The new age of empathy

I’ve been rolling past videos on Facebook and Twitter for a while now, wondering why social media is so fascinated by puppies being saved from floods, babies hearing for the first time and grandmothers who have something sassy and wise to say about body acceptance. And, recently, I’ve come to realize what is going on.

Whether it seems like it or not, we are entering a new age of empathy. Our nervous systems, once self-contained and controlled, have expanded on essentially a global scale and every twitch on some distant shore is felt in the grey matter between our eyes. Although the internet is generally known as a cesspool of trolls and racism, it is also a way to connection to billions of people. On the internet you can find others like you and others who like you. On the internet you can talk to amazing artists as if you were friends and they talk back. On the internet no one knows you’re a dog — and if they knew, they’d send an MP3 of a special ultrasonic whistle just for you.

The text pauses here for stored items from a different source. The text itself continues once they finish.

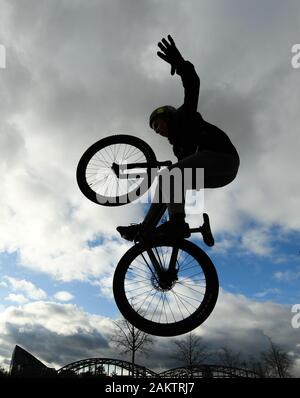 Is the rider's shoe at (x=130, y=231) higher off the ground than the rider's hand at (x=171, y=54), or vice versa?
the rider's hand at (x=171, y=54)

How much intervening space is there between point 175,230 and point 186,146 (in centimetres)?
122

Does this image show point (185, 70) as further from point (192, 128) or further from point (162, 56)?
point (192, 128)

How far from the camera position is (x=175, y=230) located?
4.61 meters

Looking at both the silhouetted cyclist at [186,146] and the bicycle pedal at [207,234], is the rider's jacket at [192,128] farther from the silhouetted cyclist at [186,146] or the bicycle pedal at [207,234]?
the bicycle pedal at [207,234]

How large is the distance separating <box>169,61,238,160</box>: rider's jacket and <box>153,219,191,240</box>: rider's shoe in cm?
97

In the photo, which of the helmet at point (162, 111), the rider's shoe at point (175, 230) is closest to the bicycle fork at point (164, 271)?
the rider's shoe at point (175, 230)

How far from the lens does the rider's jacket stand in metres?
4.33

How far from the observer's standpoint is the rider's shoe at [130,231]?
472 cm

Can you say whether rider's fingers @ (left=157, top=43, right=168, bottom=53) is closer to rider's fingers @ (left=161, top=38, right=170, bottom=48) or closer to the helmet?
rider's fingers @ (left=161, top=38, right=170, bottom=48)

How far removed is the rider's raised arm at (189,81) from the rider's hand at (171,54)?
64 millimetres

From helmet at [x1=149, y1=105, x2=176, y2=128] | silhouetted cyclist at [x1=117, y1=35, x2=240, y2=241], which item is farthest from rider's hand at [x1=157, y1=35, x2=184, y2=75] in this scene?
helmet at [x1=149, y1=105, x2=176, y2=128]

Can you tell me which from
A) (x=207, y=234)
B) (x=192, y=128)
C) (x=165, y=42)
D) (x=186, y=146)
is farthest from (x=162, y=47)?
(x=207, y=234) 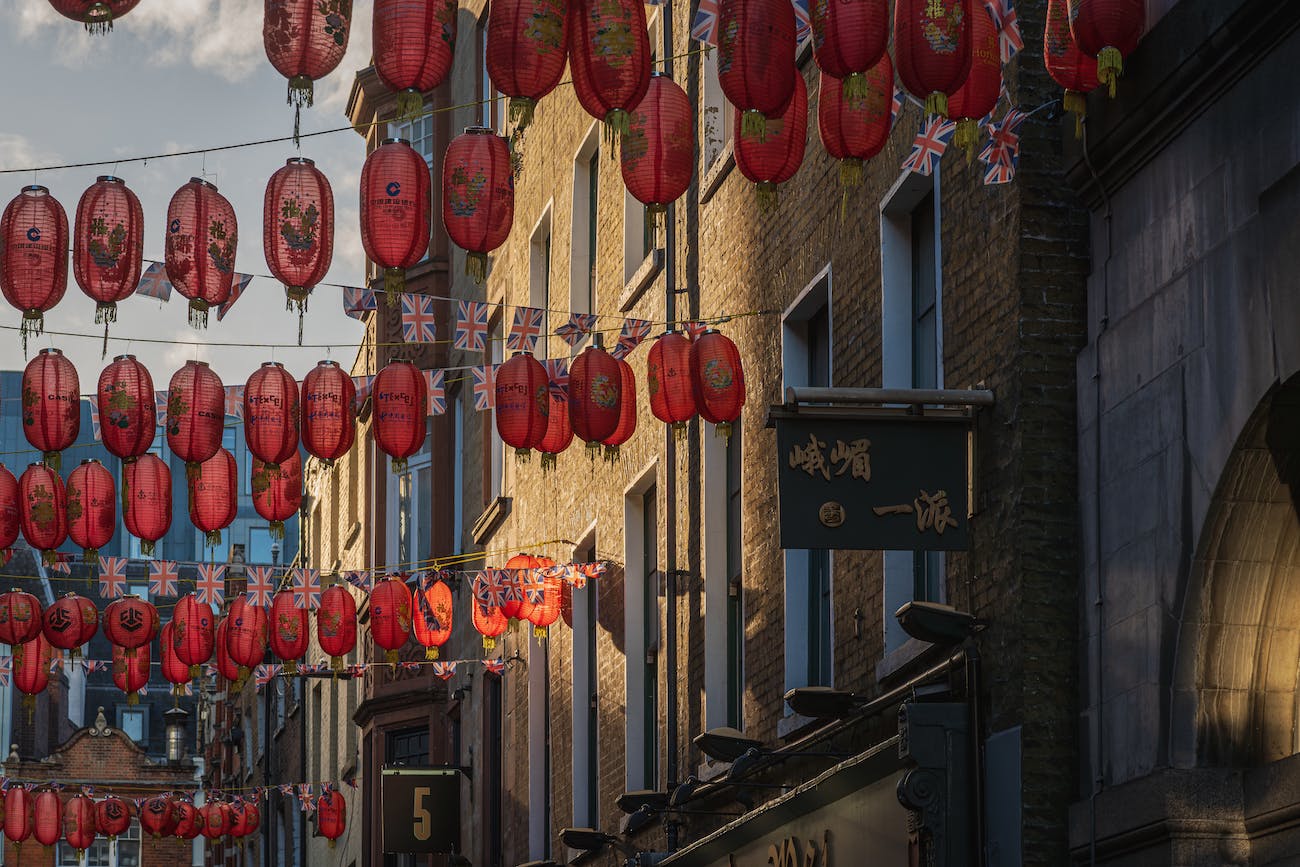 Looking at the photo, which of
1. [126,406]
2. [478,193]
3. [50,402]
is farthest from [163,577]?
[478,193]

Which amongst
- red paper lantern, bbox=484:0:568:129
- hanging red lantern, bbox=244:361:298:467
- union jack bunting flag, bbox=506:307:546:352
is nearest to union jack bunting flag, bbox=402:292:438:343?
union jack bunting flag, bbox=506:307:546:352

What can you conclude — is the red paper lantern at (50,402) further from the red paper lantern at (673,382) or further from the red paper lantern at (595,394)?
the red paper lantern at (673,382)

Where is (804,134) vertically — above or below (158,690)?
above

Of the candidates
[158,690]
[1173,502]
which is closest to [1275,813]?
[1173,502]

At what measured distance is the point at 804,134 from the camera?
13.6m

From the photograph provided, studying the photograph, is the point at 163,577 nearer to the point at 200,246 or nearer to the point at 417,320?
the point at 417,320

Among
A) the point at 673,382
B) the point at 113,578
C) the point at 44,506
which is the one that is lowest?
the point at 113,578

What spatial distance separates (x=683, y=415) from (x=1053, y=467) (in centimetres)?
540

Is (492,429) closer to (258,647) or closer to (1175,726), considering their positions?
(258,647)

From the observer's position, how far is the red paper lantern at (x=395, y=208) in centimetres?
1469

Last week I addressed the fact that, on the surface, the internet isn’t much fun. It’s full of anonymous trolls and angry rhetoric and the most inane ideas quickly gain a cult following thanks to exponentially growing Twitter accounts. In short, the internet sucks.

But even in my grumpy state I notice I tear up at nice things in the news. I tear up at people talking forcefully about politics. I tear up at school shootings and refugee crises and little girls who get 3D-printed arms. I’m not ashamed of this fact, but I was confused by it. Why was my nervous system so jacked up that everything had a real effect on me? What was going on?

The internet is an emotion-generation machine. It sends a torrent of things at us, good and bad, and the hivemind bubbles the good things to the surface and buries the bad. This isn’t always the case, to be clear, but, most recently, I think the hivemind of social media is reacting to negative stimuli and building up defenses. I think the internet, as a whole, is trying to show us we’re not all bad.

Before we start talking about SkyNet, perhaps there’s a biological answer to this odd behavior. First, we know that our brains are changed by internet use. A study published in 2011 showed us that “internet savvy middle-aged and older adults showed dramatically greater brain activity when searching online compared with age-matched ‘internet-naïve’ volunteers.”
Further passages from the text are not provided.